From Wilsonian RG, I'm used to thinking about the space of possible field theories (with the symmetry restrictions imposed above) as corresponding to the infinite-dimensional parameter space $a_2, a_4, a_6, ...$. A point in this space specifies a Lagrangian and defines a field theory. RG flow is simply represented as a trajectory from one point (in the UV) to another (in the IR). Many different starting points can have the same endpoint, which allows a simple pictorial description of universality classes to be drawn.

So from this logic I would think that all QFT's admit Lagrangian descriptions, but some of them might require an infinite number of interaction terms. This intuition was challenged by reading about CFT's and gauge/gravity duality. In these contexts Lagrangian descriptions of the field theory are almost never written down. In fact, according to generalized gauge/gravity (i.e. the belief that gravity with AdS boundary conditions is dual to some CFT), it might seem that many QFT's do not admit Lagrangian descriptions. This generalized gauge/gravity should work just fine in $D=100$, and the UV fixed point field theory certainly doesn't admit a simple Lagrangian description since in sufficiently high dimension all the interaction terms are relevant (and therefore negligible in the UV), which would suggest that the UV fixed point is simply free, but that of course is not the case.

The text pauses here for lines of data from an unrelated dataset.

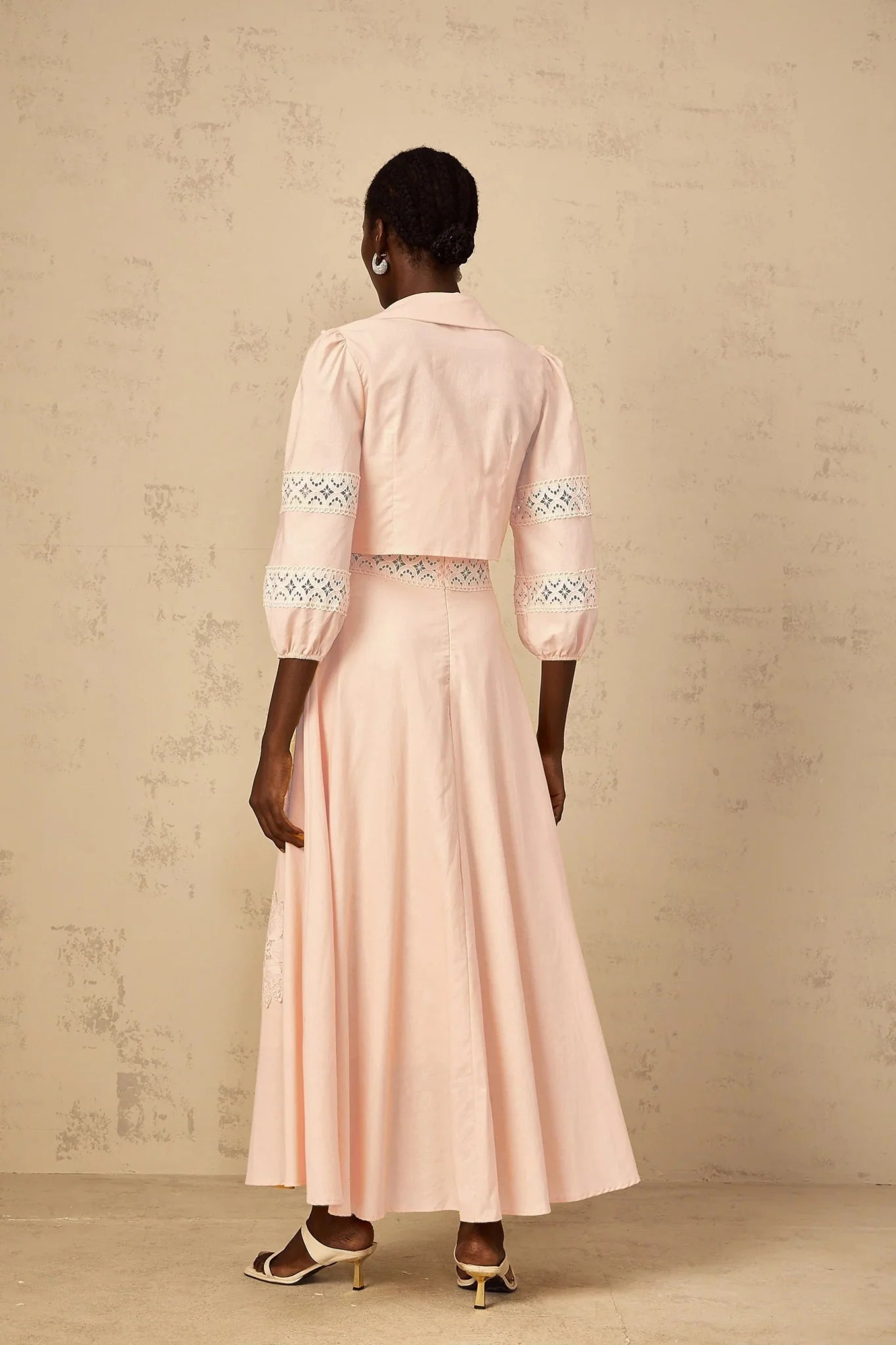 Rosangela Blouse & Dress Set with Lace Accents in Pink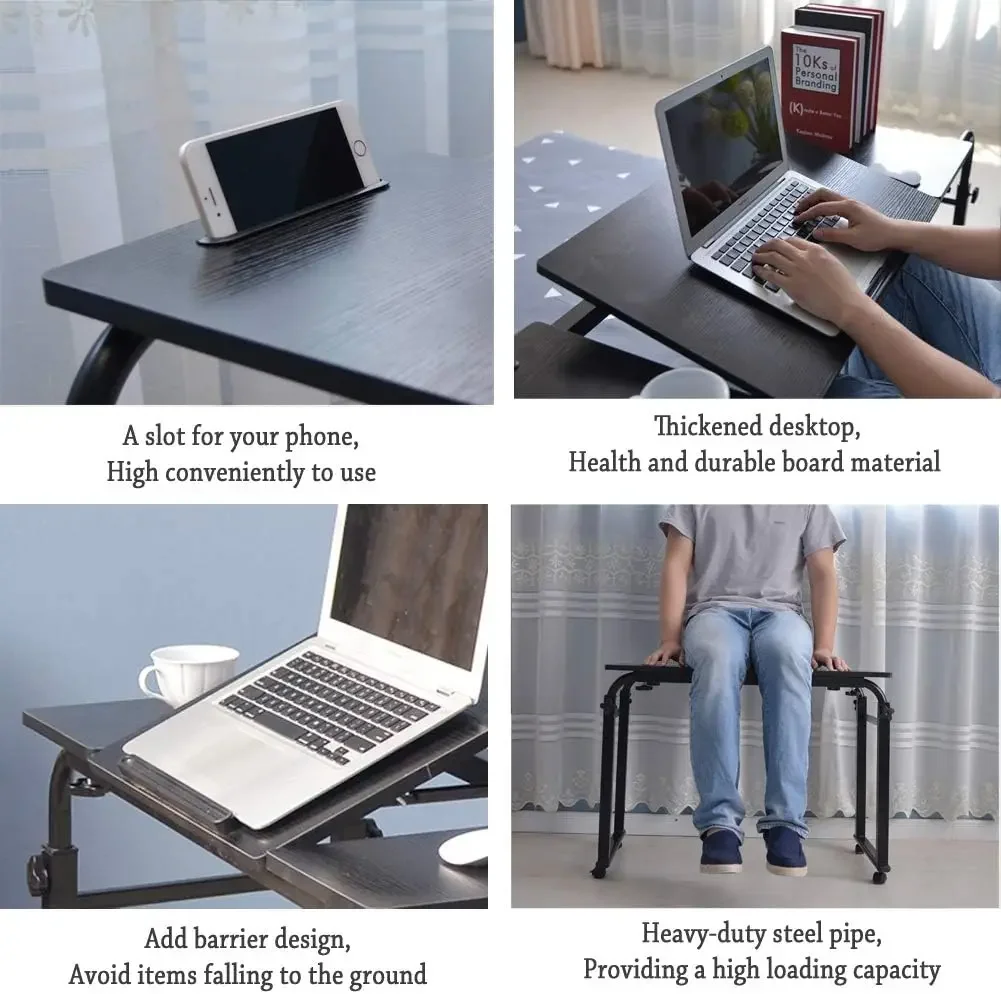 Table with Wheels Laptop Desk Cart Table Over The Bed Table Adjustable Height and Length for Hospital and Home use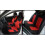 PROTECTIVE CAR SEAT COVERS PROTECTORS FABRIC UNIVERSAL SET IN RED BLACK 4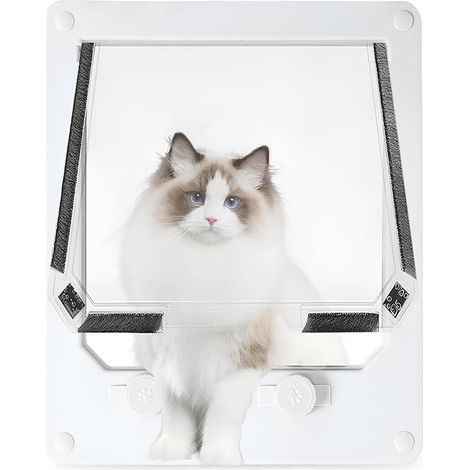 JSSEVN - Pet Door - 4-Way Magnetic Lock, Dog and Cat Door, Pet Trap, 26  24  5.3cm (1/5)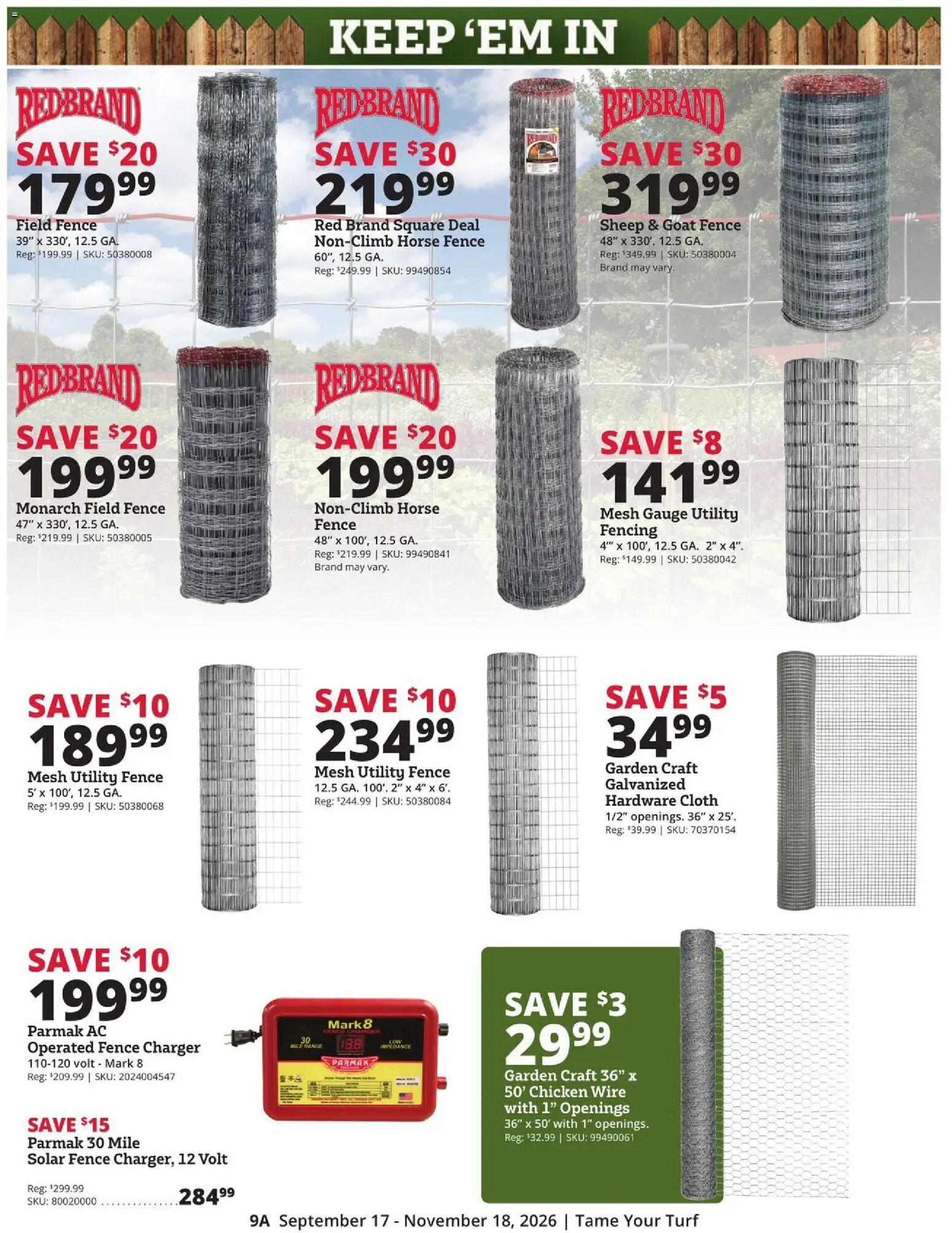 Rural King Ad - valid from 09/17/2026 | Page: 9 | Products: Wire, Chicken, Charger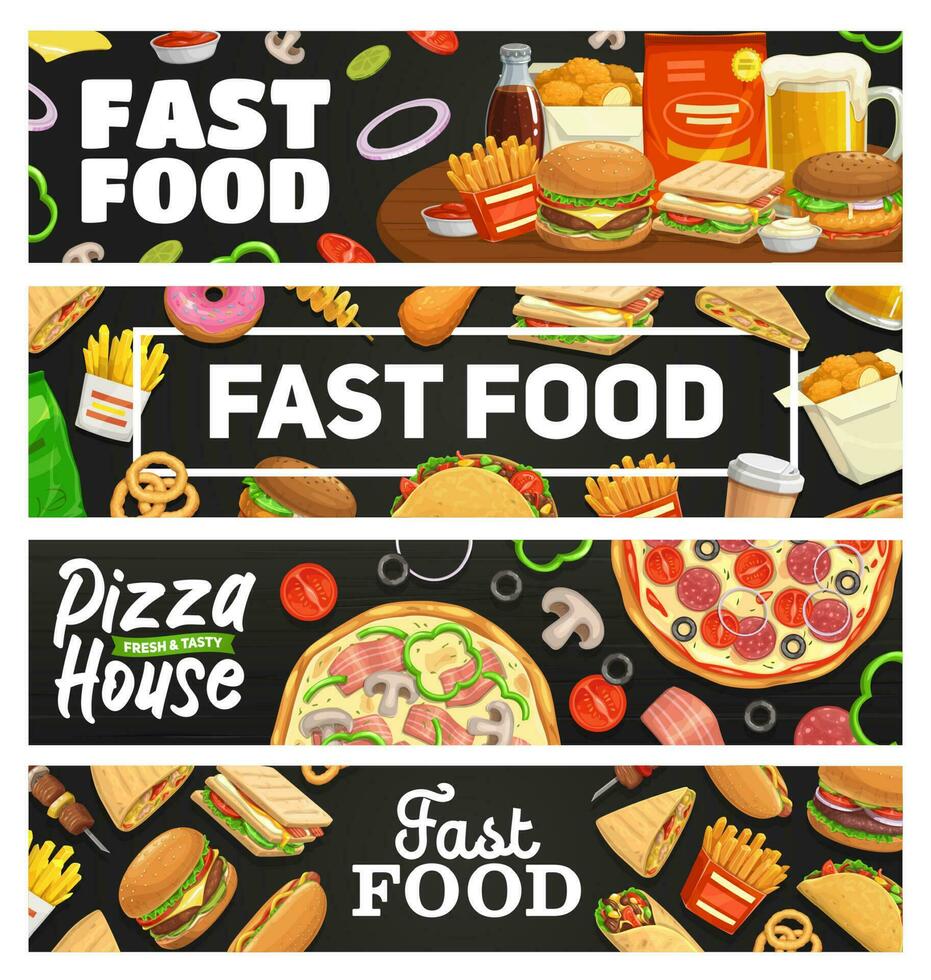 Fast food, takeaway meal banners, vector cafe menu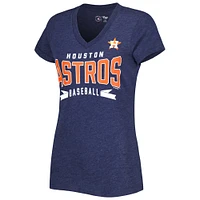 T-shirt à encolure en V pour femme G-III 4Her by Carl Banks bleu marine Houston Astros Dream Team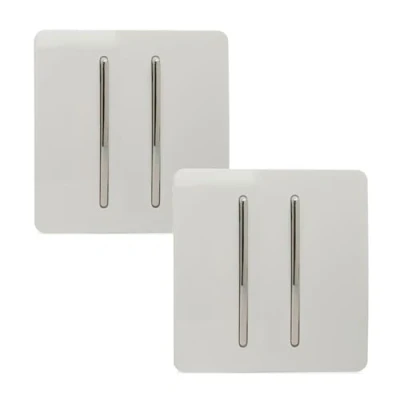 Image of Trendi 2 Gang Way Artistic Modern 10 Amp Rocker Light Switch Ice White (Pack 2)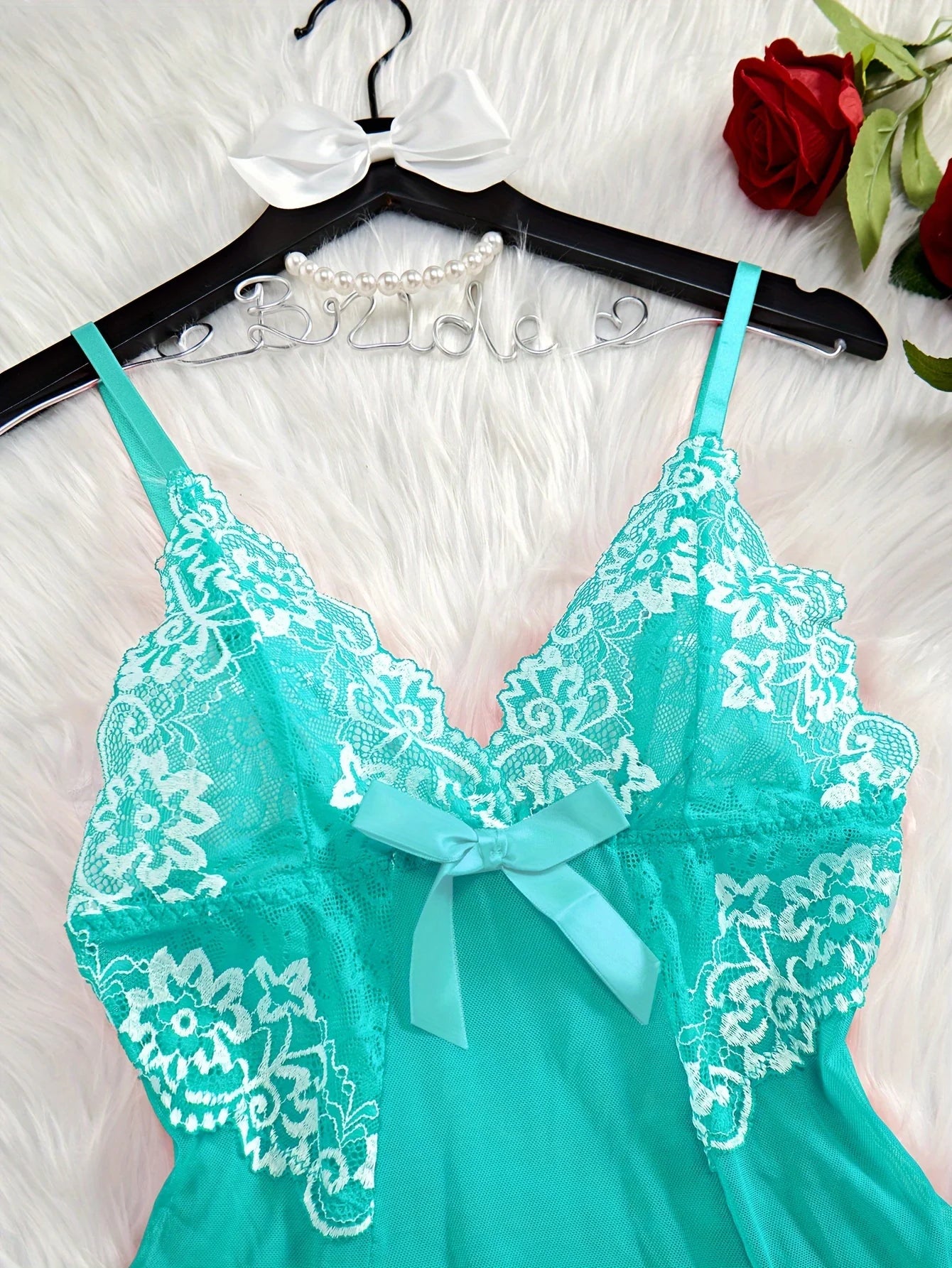 Elegant Semi Sheer V Neck Lace Slip Dress With Thong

I arrived at this confusion by thinking about AdS/CFT, but I'd be very happy to simply have a strong understanding of what exactly it means for a QFT to not have a Lagrangian description, and a sense for how "typical" such theories are.

Edit: And let me add a brief discussion on CFT's. From the bootstrap approach to CFT's, one starts with CFT "data", i.e. a set of conformal dimensions and OPE coefficients, and then in principle one should be able to solve the CFT (by that I mean calculate all correlation functions). So here is an entirely different way of characterizing field theories, which only applies for conformal theories. Non-CFT's can be obtained by RG flowing away from these fixed points. It would be helpful to understand the connection between this way of thinking about general QFT's and the above Wilsonian one.

• What is your definition of a QFT for the purposes of this question? – ACuriousMind Feb 3 '15 at 1:23
• @Qmechanic I would disagree with the duplicate vote, but this question should be improved and clarified. – JamalS Feb 3 '15 at 13:10
• I actually think the top answer in the possible duplicates post (ironically, the second link is a duplicate of the first) is good and relevant here, although it leaves me with some further questions. For example, implicit in that discussion I think is the restriction to a finite number of polynomial terms, here I'm relaxing that assumption. Also, it doesn't address the measure/typicality question. – Surgical Commander Feb 3 '15 at 17:46
• Section 2 of these slides briefly discusses general non-Lagrangian formulations of QFTs. – tparker Aug 4 '17 at 22:35
• A quote from this paper: In physics, it is now becoming increasingly clear that quantum field theories without a traditional Lagrangian description play an important role and, possibly, even populate much of the QFT landscape. So presumably this is a valid question, but there is no answer to it yet. – A.V.S. Mar 20 at 18:23

From my reading of your question, you seem to have confused what we actually mean by the Wilsonian approach, a QFT and a Lagrangian density, so I'll hopefully deal with them in turn and I hope it helps.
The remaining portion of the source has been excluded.